Boston College Researchers Find Link Between Income Inequality And Carbon EmissionsBy Emily Marks, UniversityHerald Reporter
A study by two Boston College researchers found that carbon emissions rise as rich people got wealthier. They found that pollution was higher in U.S. states where income is more concentrated among the wealthiest residents.
A lot of research has been done on the connection between national wealth and carbon emissions. The study conducted by Boston College sociologists Andrew Jorgenson and Juliet Schor is the first to establish a link between income inequality and carbon emissions within and across the United States.
In a press release on Boston College's official website, it was reported that income share of the top 10 percent of a state's population was positively associated with state-level emissions between 1997 and 2012. The findings were published online in the journal "Ecological Economics."
The researchers used 2012 state data for carbon emissions. It was found that a one percent increase in the income share of the top 10 percent of a state's population resulted in additional annual carbon emissions.
Texas had the highest carbon emissions with 812,325 to 934,174 metric tons. It is followed by California with 437,035 to 502,590 metric tons and Pennsylvania with 284,980 to 327.728 metric tons. Florida, Illinois, Ohio, Louisiana, Indiana, New York and Michigan completed the top 10 list.

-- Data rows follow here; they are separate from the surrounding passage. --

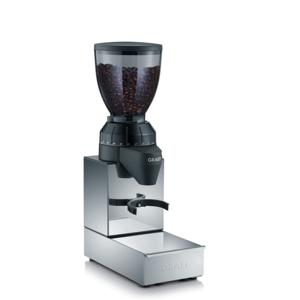 Graef CM 850 koffiemolen - zwart/zilver - 128 W - 350 ml
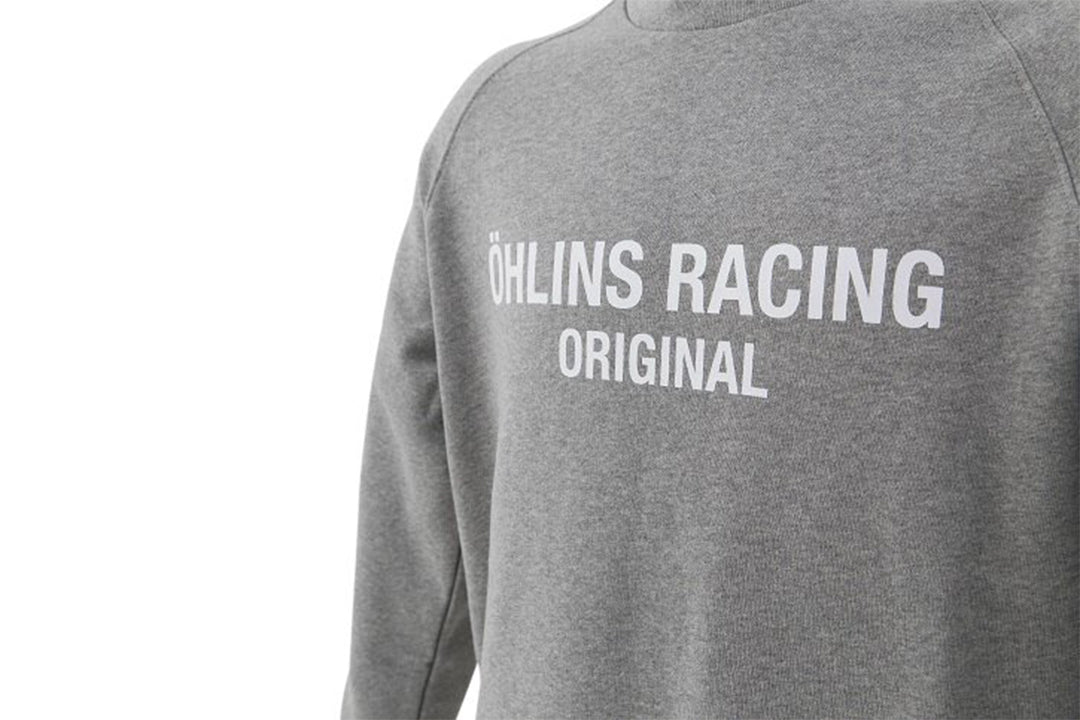 Öhlins Original Sweatshirt grau Größe L
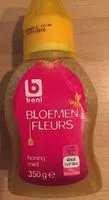 Mängden socker i Miel Fleurs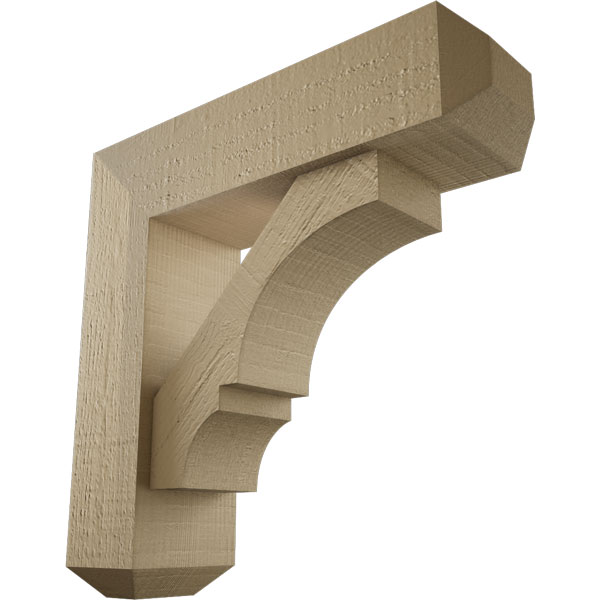 Ekena Millwork BKTUR0402X14X14BOA04RCPR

In the analysis, South Carolina was the median with income share growth adding 89,175 to 102,551 metric tons of carbon emissions in 2012. The District of Columbia got the lowest growth in carbon emissions with a rise of 3,251 to 3,738 metric tons for each one percent increase in wealth.
The findings can be used as more and more states are taking the lead in their own environmental protection. Jorgenson said that they see environmental policy and action as much more active at the state level than the federal level.
It was also noted that spending power drives carbon-intensive consumerism. Moreover, political clout and economic power of the wealthiest individuals also play a major role in the increase of carbon emissions per state.